Gene de çevirmenin yer yer zihin okumak zorunda kalması kaçınılmaz, hem de Simondon’unki gibi bir zihni okumak… Simondon’u orijinalinden okuyanlar onun bazı kavramlarının barındırdığı belirsizlikle kendileri baş etmek durumunda. Çeviride ise bu iş çevirmene düşüyor ve yapacağı yanlış bir tercih literatürde zincirleme ilerleyen hatalara yol açabiliyor. Buna en bariz örnek olarak déphasage terimini vermek istiyorum. Çeşitli teknolojik alanlarda “faz kayması”, fizik ve kimyanın bazı alanlarında ise “faz ayrışması” (ya da “fazlara ayrışma”) anlamına gelebilen bu sözcüğü Simondon’un hangi anlamda kullandığını kestirmek aslında o kadar da zor değil: Simondon’un bireyleşme sürecini açıklarken kullandığı en temel metafor, düzgün bir kaptaki aşırı doygun bir çözeltinin en ufak bir tetikleyiciyle (Simondon’un tabiriyle söyleyecek olursak, bir “yapı tohumu” ile) karşılaşması sonucunda başlayan kristalleşmedir. Başlangıçtaki aşırı doygun çözelti birey öncesi metastabil, yani her türlü etkiye açık, duyarlı ve gerilim dolu durumu temsil eder. Sürecin sonunda ise kapta doygun çözelti halinde bir miktar sıvı ve onun içinde asılı katı haldeki kristal kalır; yani başlangıçta belli bir faza karşılık gelmeyen metastabil varlık iki farklı faza (maddenin iki farklı haline) ayrışmış olur. Maalesef, çeşitli İngilizce çeviriler ve orijinali İngilizce yazılmış metinlerde, özellikle de teknolojiye daha yakın duran çevirmen ve yazarların bağlamı göz ardı edip déphasage’ı otomatik olarak “faz kayması” diye yorumladıklarına tanık oluyoruz.

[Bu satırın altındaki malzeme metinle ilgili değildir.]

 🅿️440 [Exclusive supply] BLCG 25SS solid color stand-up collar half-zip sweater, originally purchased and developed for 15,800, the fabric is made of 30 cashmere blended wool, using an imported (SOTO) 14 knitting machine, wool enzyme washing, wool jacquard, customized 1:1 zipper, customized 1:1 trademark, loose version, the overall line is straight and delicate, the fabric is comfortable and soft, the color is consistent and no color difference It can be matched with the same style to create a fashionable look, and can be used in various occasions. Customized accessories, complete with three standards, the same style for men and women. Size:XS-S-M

Kolaya kaçmak yerine bu ve benzeri bağlam inceliklerine dikkat eden ve gerektiğinde dipnotlarla okuru bilgilendiren Nehir Evin’in özenli çevirisinin Türkçe’de Simondon’un keşfediliş sürecine değerli bir katkıda bulunacağına inanıyorum.

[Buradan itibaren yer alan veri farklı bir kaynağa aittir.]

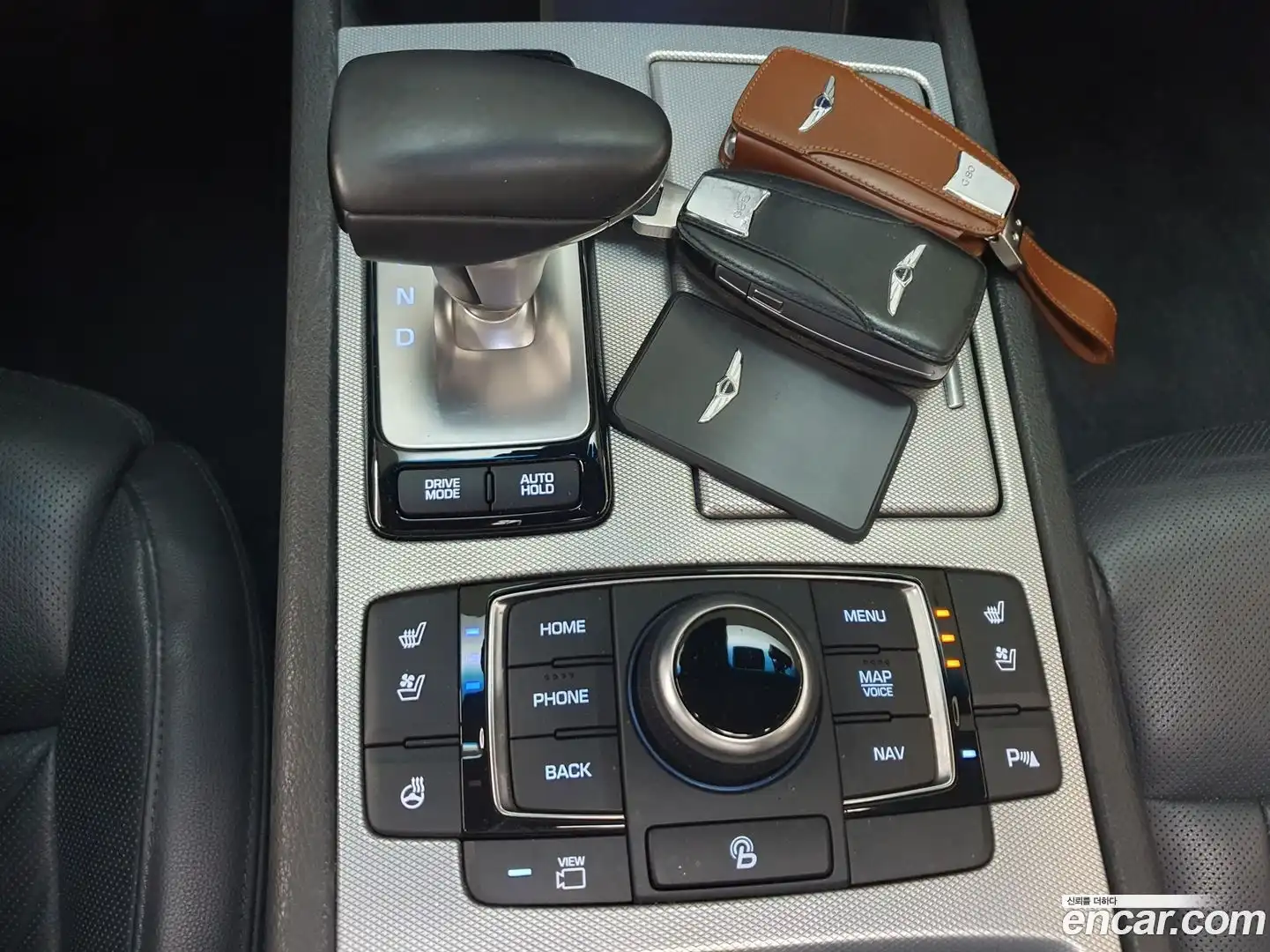 G80 Genesis 2016.8-INNER-009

Simondon’un doğumundan 100, anlaşılmamış bir düşünür olarak dünyadan sessizce ayrılışından 35 sene sonra, bildiğimiz yapıların, sistemlerin, paradigmaların giderek çözülüşüne tanık olduğumuz bir dönemin yarattığı metastabilitenin, insanlığa farklı bir yapı tohumunu kucaklayarak yepyeni bireyleşmelere yelken açma yetisi kazandırması umuduyla…
*Bu yazı, yayınevinin izni ile yayınlanmıştır.